Quando il clima entra in crisi, per un effetto domino ovvio, entrano in crisi anche ambiente e soprattutto l’umanità intera. Il cambiamento climatico provoca inevitabilmente spostamenti di persone che scelgono altre condizioni per vivere e, con la loro mobilità, richiedono diritti. Questo legame inscindibile tra crisi climatica e migrazioni è il fulcro del report Legambiente-UNHCR: Un’umanità in fuga: gli effetti della crisi climatica sulle migrazioni forzate.
La fuga, stando ai numeri, riguarda oltre 114 milioni di persone che scappano da guerre e violenze e che, per quasi il 60% vive proprio in paesi considerati più vulnerabili all’impatto dei cambiamenti climatici. Esempi sono la Siria, la Repubblica democratica del Congo, la Somalia, l’Afghanistan e il Myanmar.

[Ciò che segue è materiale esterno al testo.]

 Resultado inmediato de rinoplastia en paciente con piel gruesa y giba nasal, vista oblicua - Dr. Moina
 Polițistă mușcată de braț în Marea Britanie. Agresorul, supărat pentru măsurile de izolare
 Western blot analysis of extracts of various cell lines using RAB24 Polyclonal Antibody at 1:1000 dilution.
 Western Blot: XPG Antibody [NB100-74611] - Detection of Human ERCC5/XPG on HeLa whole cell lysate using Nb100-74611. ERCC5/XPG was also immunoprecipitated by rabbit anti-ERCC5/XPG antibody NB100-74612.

Uomini, donne, bambine e bambini costretti ad affrontare oltre agli orrori della guerra anche le devastazioni provocate dal clima. Disastri provocati da siccità o inondazioni. Tanto che il report segnala che «nell’ultimo decennio, dal 2013 al 2022, i rischi legati alle condizioni meteorologiche hanno provocato in questi paesi una media di 5,7 milioni di sfollati all’anno, oltre il 25% di tutti gli sfollamenti dovuti a catastrofi legate ad eventi meteorologici».

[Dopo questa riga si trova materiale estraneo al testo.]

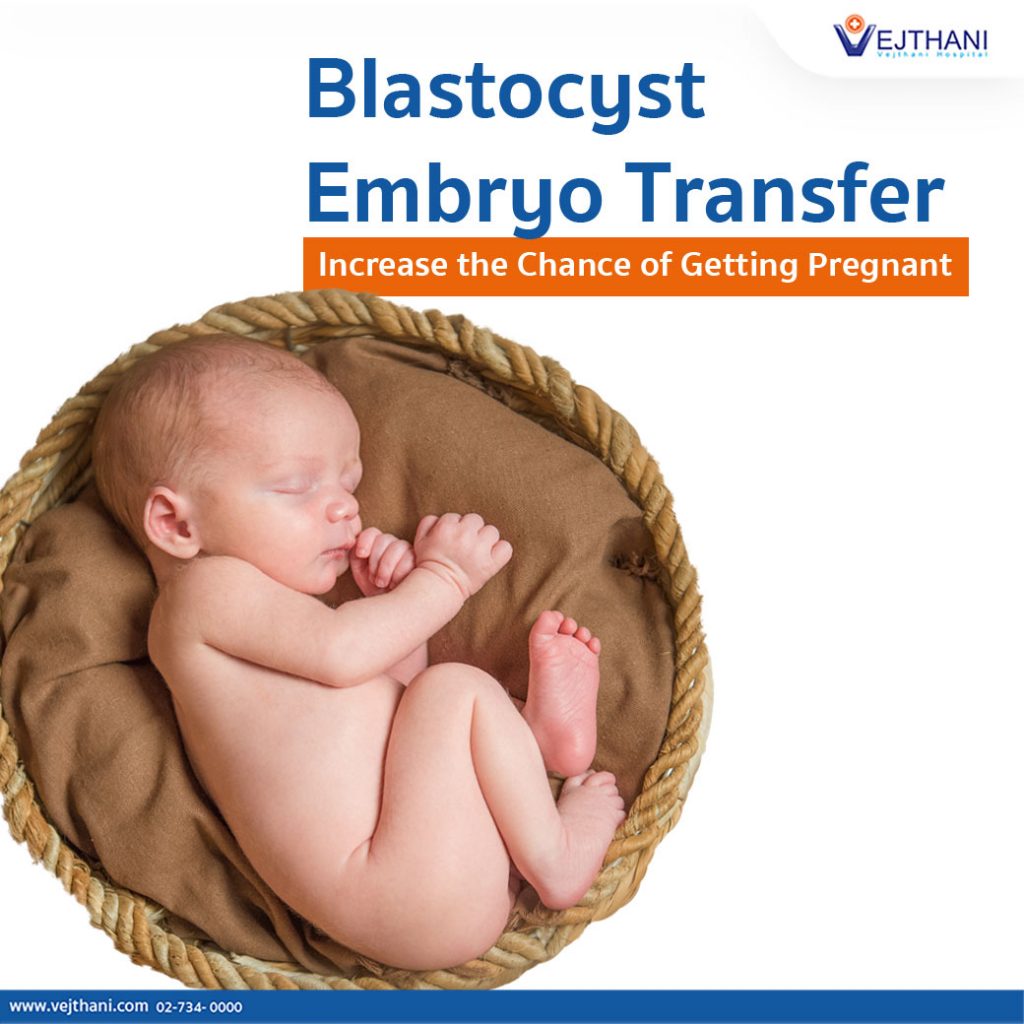 Embryo transfer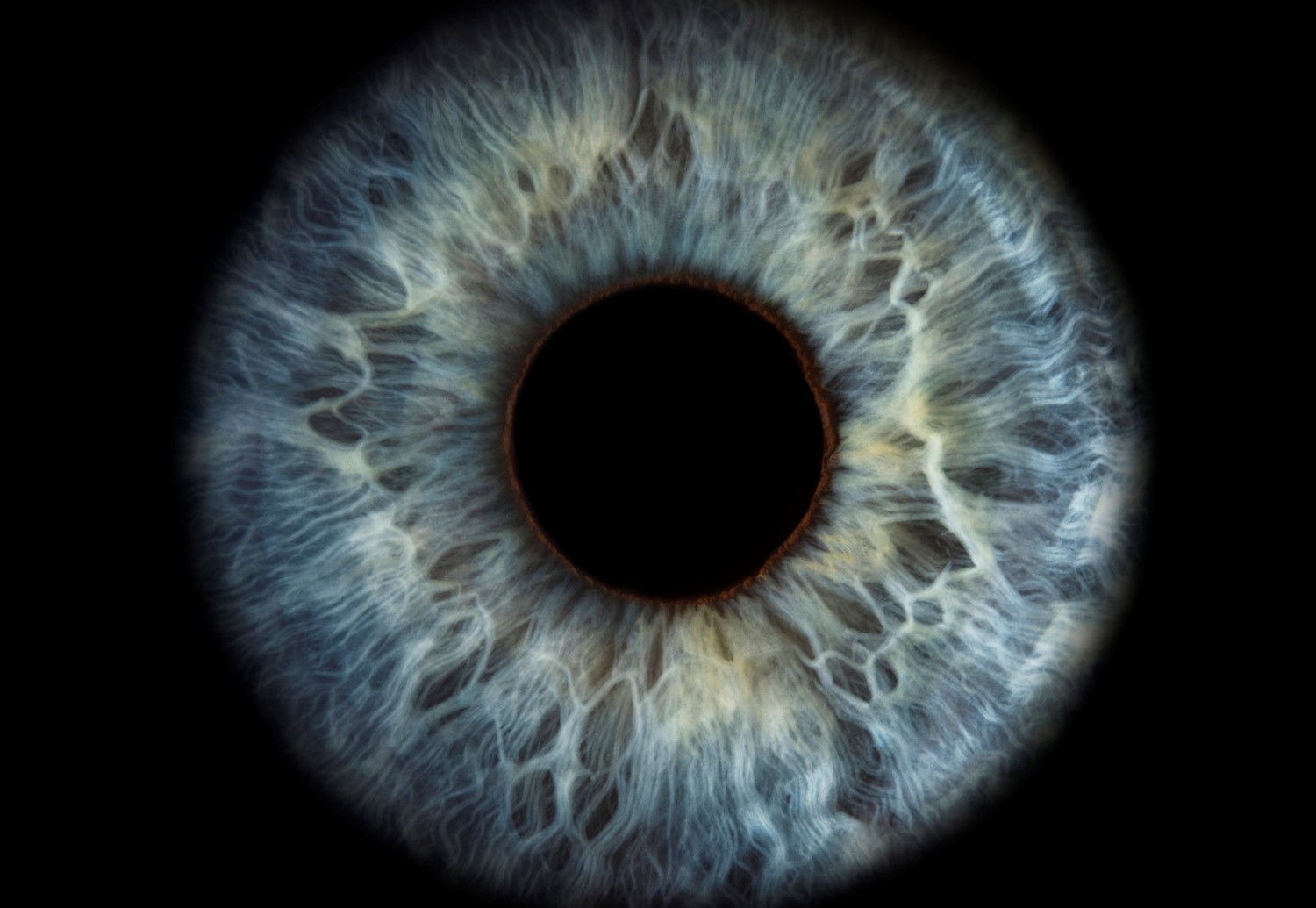 retina-5.jpg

Se non si correrà ai ripari con politiche differenti, la stima è che entro il 2050 saranno almeno 216 milioni le persone costrette a migrare a causa delle conseguenze del cambiamento climatico.
Il numero più alto riguarderà l’Africa subsahariana: 86 milioni di persone, pari al 4,2% della popolazione; a seguire i 49 milioni dell’Asia orientale e area del Pacifico, e 40 milioni in Asia meridionale.
Ed è proprio nel continente africano, nella parte settentrionale, che è prevista la più alta percentuale di migranti climatici, 19 milioni di persone, pari al 9% della popolazione. La causa principale sarà la riduzione delle risorse idriche.
La relazione che intercorre tra crisi climatica e migrazioni è un tema di cui si parla sempre troppo poco e che Legambiente e UNHCR chiedono venga messa al centro delle agende politiche, sottolineando quanto manchi non solo un riconoscimento, ma un’ottica di accoglienza e inclusività. Un richiamo che si aggiunge alla necessità di decisioni radicali che impattino sull’aumento di temperatura globale: quasi tre gradi entro la fine del secolo.
«Serve agire subito attraverso un’agenda comune internazionale, un serio phase out dei combustibili fossili e dei sussidi al loro utilizzo, in modo da poter raggiungere a livello globale zero emissioni nette entro il 2050 e contenere il surriscaldamento del pianeta entro la soglia critica di 1.5°C». Un appello che cade nei giorni della tanto discussa COP28 di Dubai.